Association of Christian Librarians
- Abbreviation: ACL
- Formation: 1957
- Purpose: "The mission of the Association of Christian Librarians is to strengthen libraries through professional development of evangelical librarians, scholarship, and spiritual encouragement for service in higher education."
- Headquarters: Cedarville, Ohio
- Membership: 650+ (2024)
- President: Jeremy Labosier (2023-2026)
- Executive Director: Janelle Mazelin
- Website: http://www.acl.org

= Association of Christian Librarians =

Membership association of professional Christian librarians

The Association of Christian Librarians (ACL) is a non-profit, professional organization of librarians whose members are evangelical Christians. The stated mission of the organization is to “strengthen libraries through professional development of evangelical librarians, scholarship, and spiritual encouragement for service in higher education.” ACL holds a national conference each year hosted by one of its member institutions. ACL also publishes The Christian Librarian and the Christian Periodical Index, an index of articles and reviews written from an evangelical point of view labeled as "the leading guide to periodical literature from the evangelical perspective" by the Encyclopedia of Library and Information Sciences.

==History==
The organization began in 1957 as the Christian Librarians' Fellowship, with seventeen initial members, and has grown slowly over the course of its history.

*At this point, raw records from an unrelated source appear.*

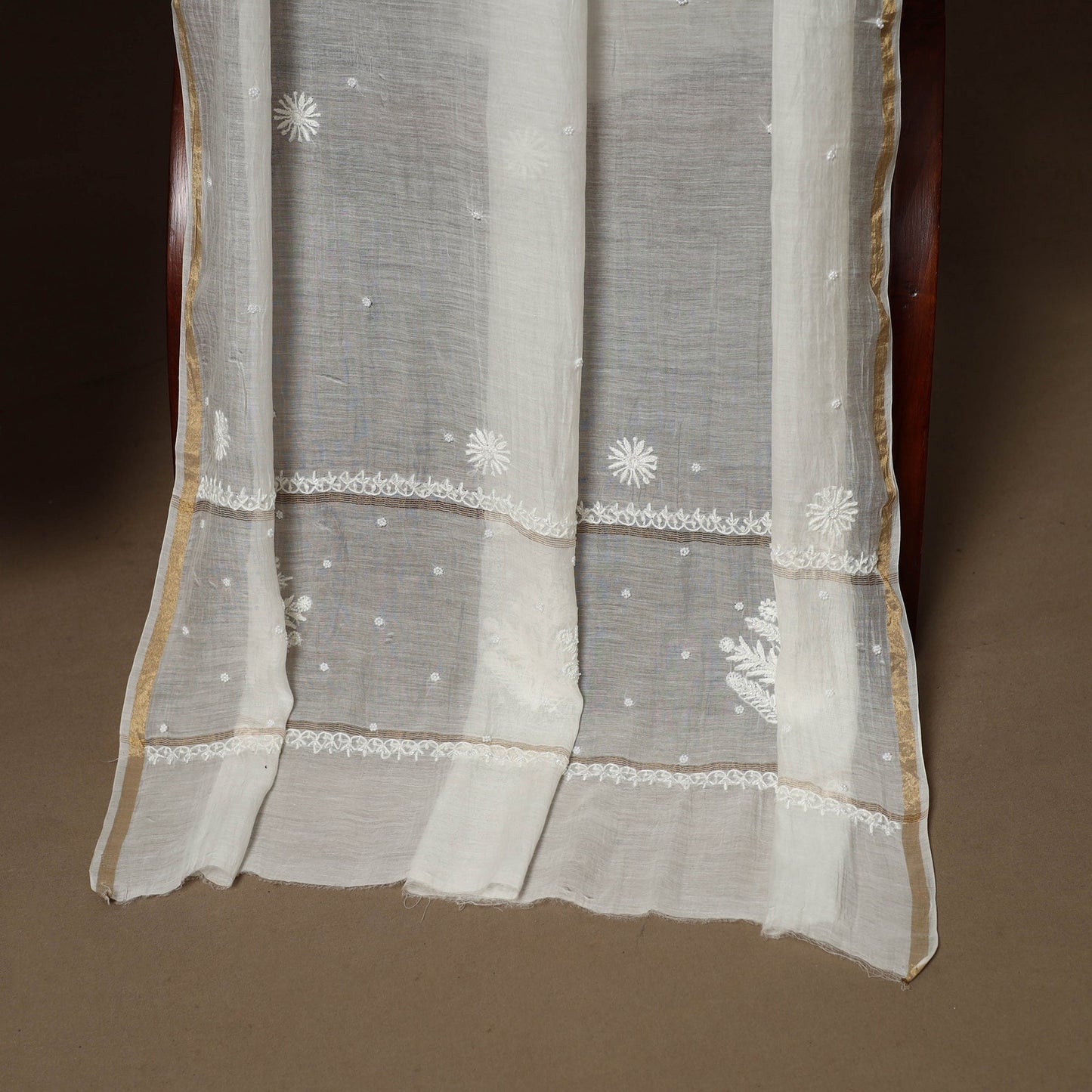 White - 2pc mul chanderi semi stitched hand beads work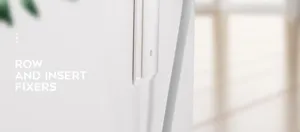 Wall mounted power strip holder detail view, punch free socket fixer close up white style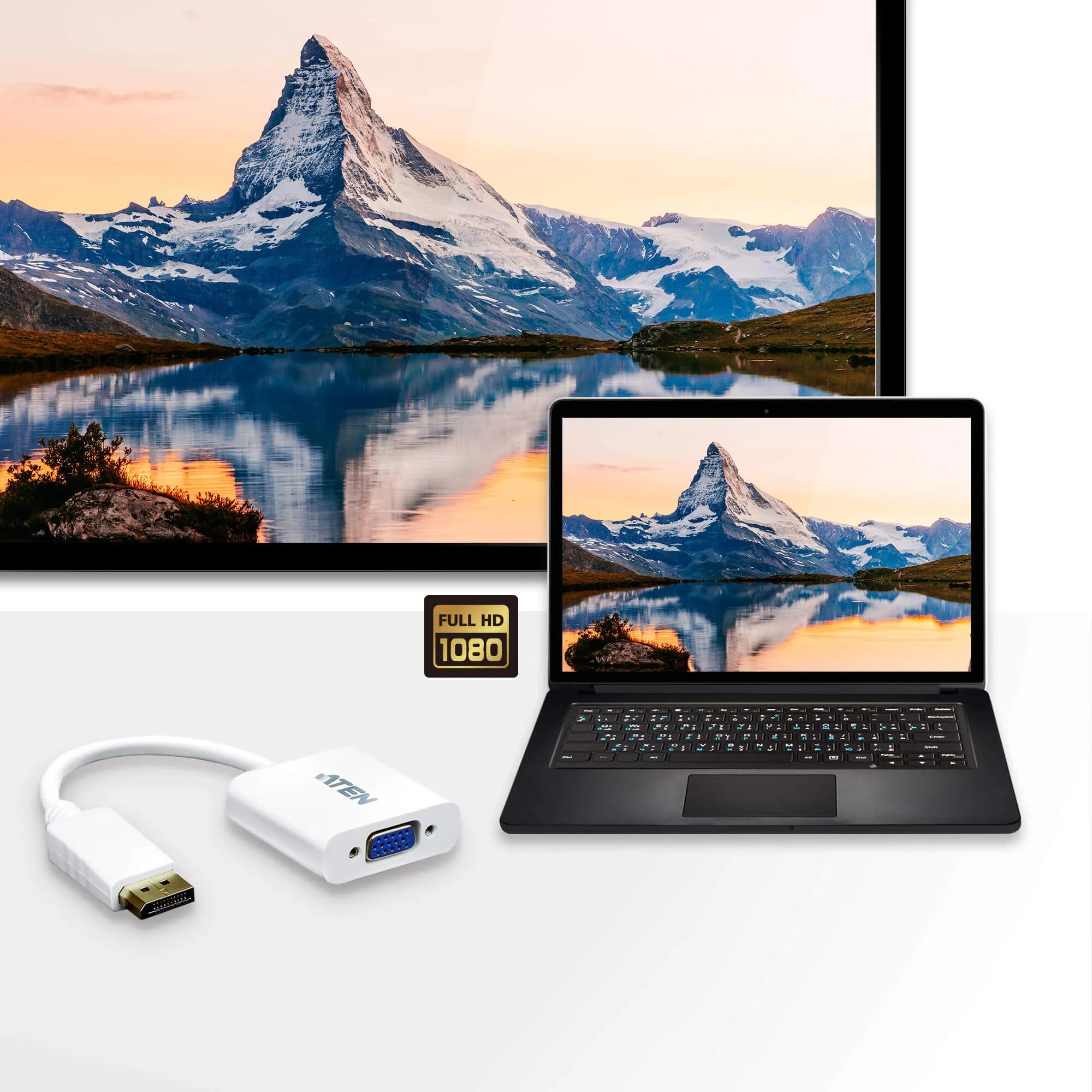 ATEN VC925, DisplayPort, VGA (D-Sub), Male, Female, Straight, Straight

In 1993 it had roughly 300 members, and as of 2024 ACL's membership had grown to over 650 members from 432 unique institutions with 23 countries represented.

==Membership==

Membership requires profession of the Christian faith as outlined by the association's statement of faith. Associate memberships are available for non-librarians who both agree with the ACL's statement of faith and are interested in libraries or librarianship.

The ACL provides over $20,000 annually in grants to members and their institutions for conference travel and improvement projects.